Tant mieux ! Il y a un truc qui s’est mal passé entre les acteurs et le metteur en scène. Le texte était bien mais nous n’avons pas réussi à en tirer grand chose. Lorsque des acteurs sont malheureux, mal dirigés et pas vraiment en confiance, il passent en mode “survie”. C’est une réaction très égoïste qui consiste à tirer la couverture à soi. Mais ce sont surtout les mauvais acteurs qui font ça. Les bons le sont parce qu’ils sont généreux et attentifs aux autres.

 

Une de mes collègues lorgne sur vous depuis un bon moment mais croit savoir qu’elle n’est pas vraiment votre genre…

Merde ! En effet, ça me paraît compliqué. Quoique ça dépend, montrez-moi une photo…

 

En 2017 vous figuriez parmi les finalistes du grand tournoi de Garçon Magazine : “Qui est la personnalité LGBT de l’année ?” Peut-on parler de consécration ?

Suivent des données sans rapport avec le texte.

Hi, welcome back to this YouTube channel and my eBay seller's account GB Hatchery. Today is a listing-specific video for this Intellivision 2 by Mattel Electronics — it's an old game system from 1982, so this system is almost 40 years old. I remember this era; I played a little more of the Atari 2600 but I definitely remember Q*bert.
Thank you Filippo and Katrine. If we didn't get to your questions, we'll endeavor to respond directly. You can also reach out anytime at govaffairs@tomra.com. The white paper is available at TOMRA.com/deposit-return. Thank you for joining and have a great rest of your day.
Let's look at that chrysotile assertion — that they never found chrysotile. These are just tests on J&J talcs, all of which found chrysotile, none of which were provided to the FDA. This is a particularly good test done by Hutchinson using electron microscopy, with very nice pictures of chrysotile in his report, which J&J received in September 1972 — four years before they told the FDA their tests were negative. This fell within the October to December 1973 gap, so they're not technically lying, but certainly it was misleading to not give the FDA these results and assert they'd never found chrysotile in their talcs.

[Rires] Non seulement ils ont dû mettre tout le monde mais en plus je n’ai certainement pas gagné…

 

Malheureusement non c’est Jean-Luc Romero-Michel qui a raflé le trophée imaginaire. Je ne suis pas lecteur mais l’article suivant a attiré mon attention :  “Oups, j’ai couché avec mon pote hétéro, que dois-je faire ?”

Ce qui est drôle c’est que le “oups” induit une glissade [Rires] Je fais quoi ? Je me la pète évidemment ! Je me la raconte pendant des semaines. Surtout que je n’ai jamais réussi… J’ai trop peur du râteau. Je ne suis pas un grand séducteur.

 

Si vous pouviez lâcher la main de votre concubin pour rejoindre l’un de vos fantasmes dans un club interlope sans que votre amoureux ne puisse se plaindre, quels serait vos trois jokers ?

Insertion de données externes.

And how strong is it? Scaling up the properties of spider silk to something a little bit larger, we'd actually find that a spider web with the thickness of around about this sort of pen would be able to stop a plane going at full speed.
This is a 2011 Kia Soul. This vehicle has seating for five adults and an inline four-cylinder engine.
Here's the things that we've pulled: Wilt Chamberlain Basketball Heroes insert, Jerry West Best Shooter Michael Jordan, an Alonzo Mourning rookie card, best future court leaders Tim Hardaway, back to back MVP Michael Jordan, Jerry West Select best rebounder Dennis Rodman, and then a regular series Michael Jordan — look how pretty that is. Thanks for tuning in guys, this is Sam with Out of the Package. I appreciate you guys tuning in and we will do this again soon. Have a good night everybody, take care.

Xavier Dolan. Je le trouve magnifiquement beau et j’adore l’accent québécois. Oui je sais je suis le seul. Je suis persuadé que Dolan doit avoir une personnalité très difficile à gérer. Ça doit pas être fastoche, donc ça m’excite un peu. C’est un homme très clivant mais je suis prêt à séduire ses détracteurs un à un. Sinon pour mon deuxième joker je vais dire Hervé Guibert si je pouvais le ressusciter et en troisième l’acteur Neil Patrick Harris.

 

Vous pleurez très rarement. N’est-ce pas un paradoxe pour un comédien cinéphile ?

Il m’est déjà arrivé de sentir que j’avais un stock de larmes à expurger mais d’être incapable de m’en débarrasser. Dans ces cas là, je vais au cinéma pour fondre en larmes. J’ai besoin de la fiction pour pleurer. Il faut que je lutte contre ça, ne pas pleurer c’est quand même un peu suspect vous ne croyez pas ?

 

Certes, mais vous savez bien qu’un homme ne pleure pas…

Oui j’avais oublié ce paramètre. Heureusement que ça change, surtout dans le cinéma français où les acteurs masculins ne s’embarrassent plus de leur virilité. Vincent Lacoste a une manière d’être un homme que je trouve complètement débarrassée de toute évocation de la masculinité. Il n’a pas l’air de se poser de question. Il y a toute une nouvelle génération d’acteur dont la virilité passe par les larmes. Je suis profondément agacé lorsque je sens les garçons préoccupés par l’idée qu’ils ont une bite entre les jambes et qu’il faut que ça se sache. Ça me fait profondément chier.

 

Terrible Jungle, de David Caviglioli et Hugo Benamozig, en salle le 29 juillet.

Effacer l’historique, de Gustave Kervern et Benoît Delépine, en salle le 26 août.

Vincent Dedienne présentera son nouveau spectacle à partir de février 2021.